29. September 2008...12:20

(Pressemeldung Jones Lang LaSalle) Frankfurter Bürovermietungsmarkt* im 3. Quartal 2008: Stabiles Ungleichgewicht in der Bankenmetropole

Frankfurt am Main: Die Börse ist volatil in diesen Tagen, der Immobilienmarkt ambivalent. Deutschlands Bankenmetropole ist in einem stabilen Ungleichgewicht. Welche Richtung die Waagschalen nehmen werden, ist von vielen „Wenn, danns“ abhängig. Alles scheint möglich in Frankfurt.

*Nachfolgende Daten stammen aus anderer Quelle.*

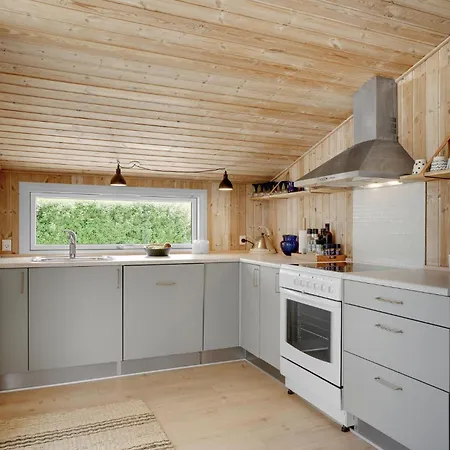 Three-bedroom In Bjert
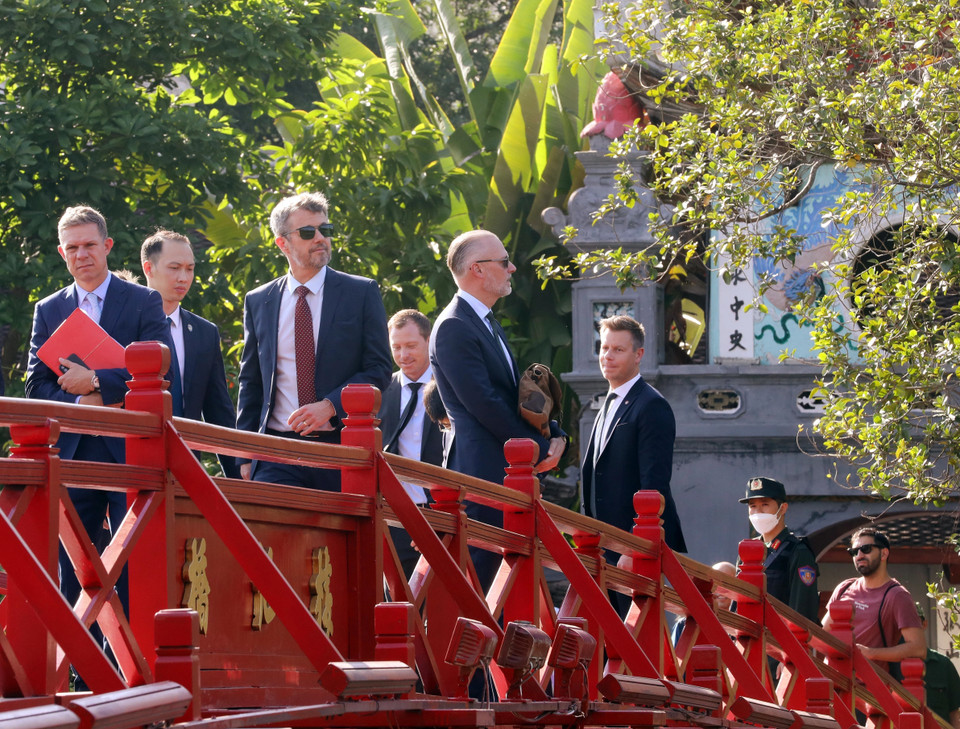 Thái tử kế vị Đan Mạch Frederik đi dạo trên cầu Thê Húc, hồ Hoàn Kiếm (Hà Nội). (Ảnh: Lâm Khánh/TTXVN)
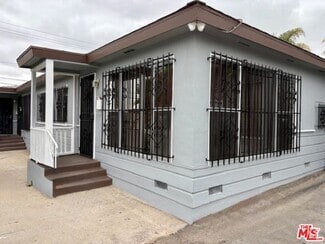 Building Photo - 3113 W 109th St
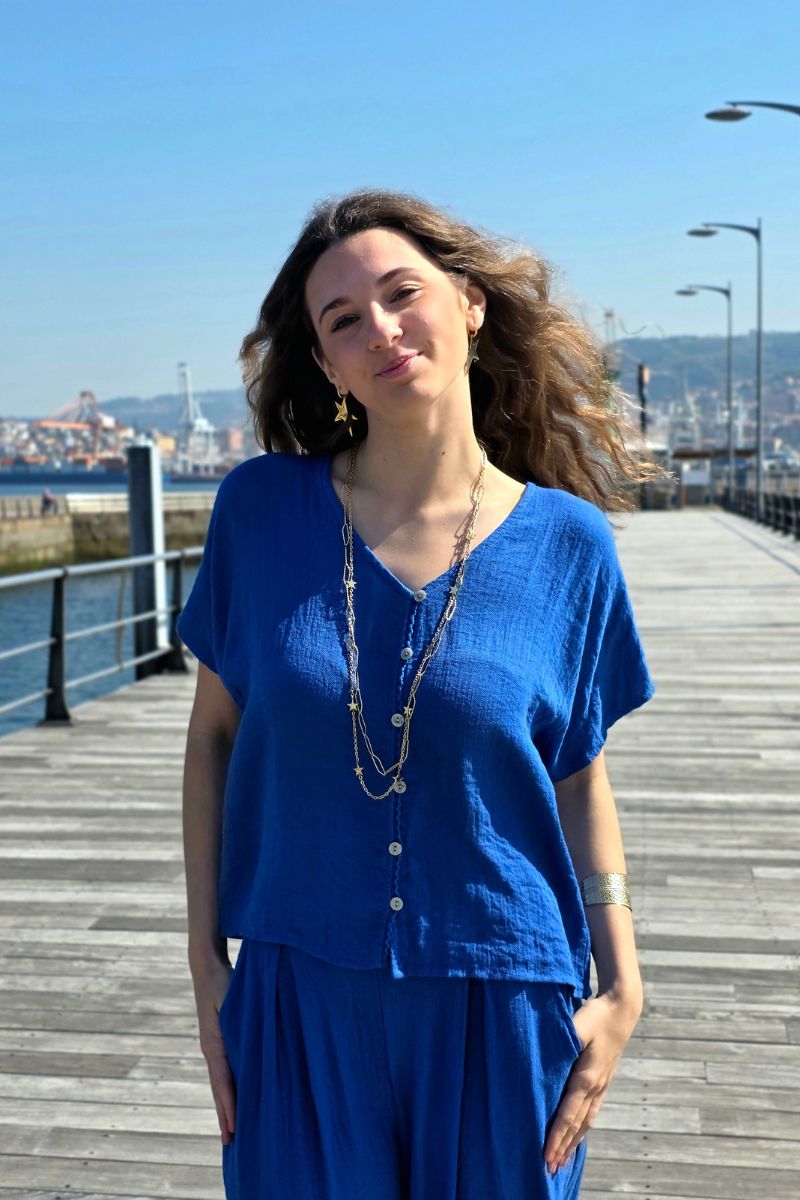 Blusa de botones en tono azulón, tejido ligero y transpirable. Estilo casual-chic, fácil de combinar. Envío desde España.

Während die Kapitalflüsse unter Umständen im laufenden Jahr durchaus an der hessischen Immobilienhochburg vorbeiströmen oder zu Rinnsalen verkümmern könnten, deutet sich auf dem Vermietungsmarkt in und rund um die Bürotürme erst in 2009 eine veritable Durststrecke an.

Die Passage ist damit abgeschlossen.